A long time ago, I helped a friend and her fiancé move house. Whoops. I wasn’t supposed to say that. I helped a friend’s fiancé move house. She never lived there. No, not at all… (‘yes, Mrs Mother, it was lovely to see so much of your daughter all those weekends she stayed with me. What a white wedding it’s been.’)
But my enduring memory of the moving day, after all the boxes were unpacked and the stairs climbed, is of dinner arriving. My friend snatched her fiancé’s wallet, pried it open and waved it about saying, ‘breathe, breathe!’: a subtle comment on how seldom his wallet saw the light of day and how liberating he would find it to buy us all dinner.
Thankfully, he laughed. He was, at heart, generous; though by habit very cautious with money. He knew it was good for him that his beloved would, just occasionally, wave his wallet around with great abandon. She gave him a sense of freedom and of joy.
Giving should be like that.
I spent much of today thinking about church finance. You will all know, or be able to guess by now, that finance is neither my love nor my strength. I’m sure that’s why I always hated Monopoly. (Once I had obtained Park Avenue and all the other lovely dark blues, why on earth would I want property in Pennsylvania?)

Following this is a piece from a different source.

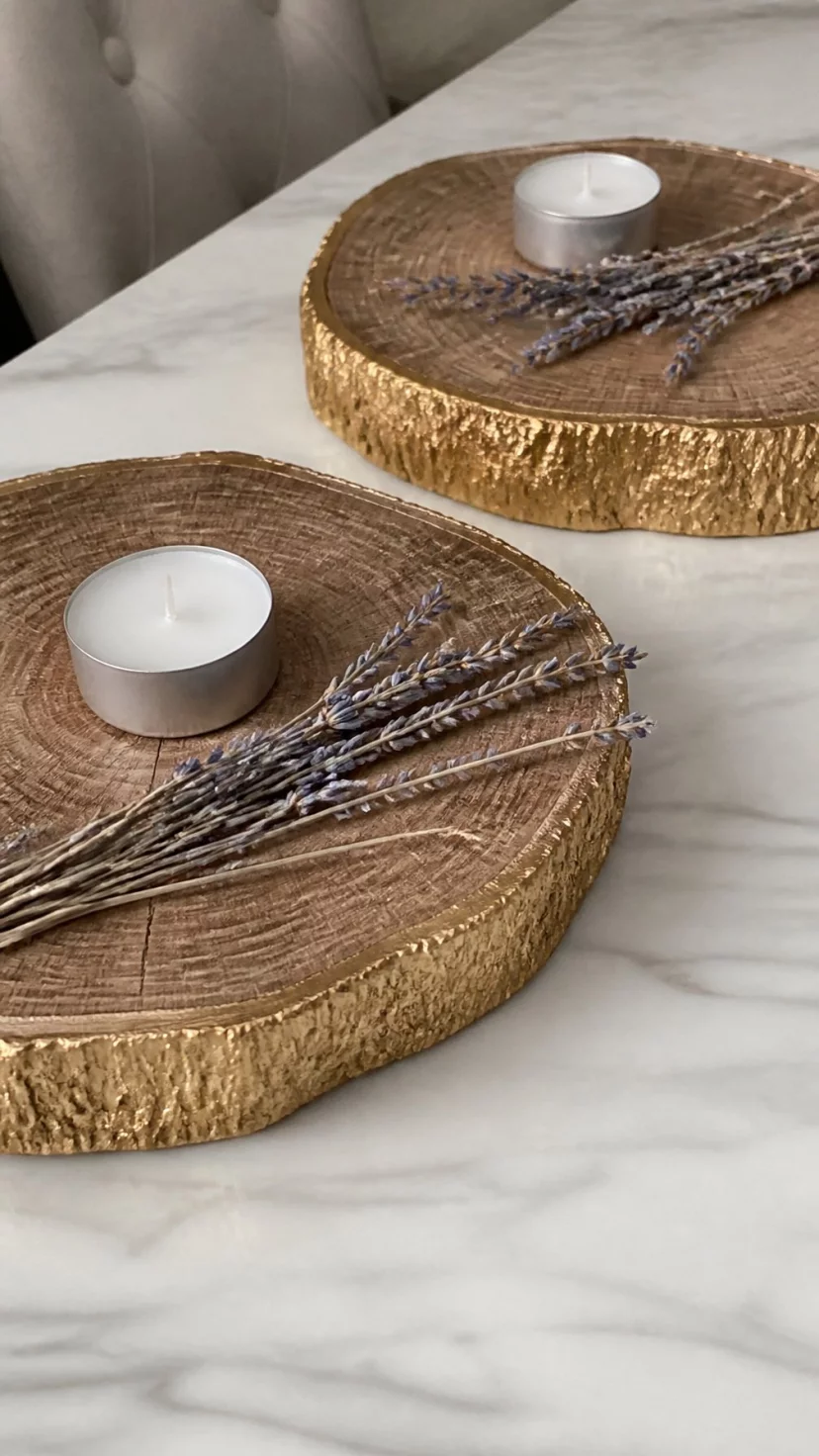 Metallic Dipped Log Slices A super-realistic photo of a minimalist dining table showcasing thick natural wood log slices with their edges painted in shimmering gold leaf, the slices acting as pedestals for small white tea lights and sprigs of dried lavender, a clean white marble tabletop visible beneath the rustic wood, everyday social media post aesthetic, photorealistic, high-quality mobile photography, shot on an iPhone 14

So, to think and talk about giving and church finance makes me think of people who are better at it than I am. My friend and her fiancé. The school chaplain who very matter-of-factly said, ‘I’ve learned that if I give 10% away even when there is no way I can reasonably afford to, God makes it work out.’ The then French-teacher who would get all stressed in late November, looking for more people to send money to since she hadn’t given enough away.
I am thankful for these people who were unembarrassed to speak of giving. Who thought tithing was natural. Who could wave wallets and cheque-books around freely saying ‘breathe, breathe.’
A few deep breaths like that, and we might even be able to avoid the sharp gasp that comes of seeing treasurer’s balance sheet.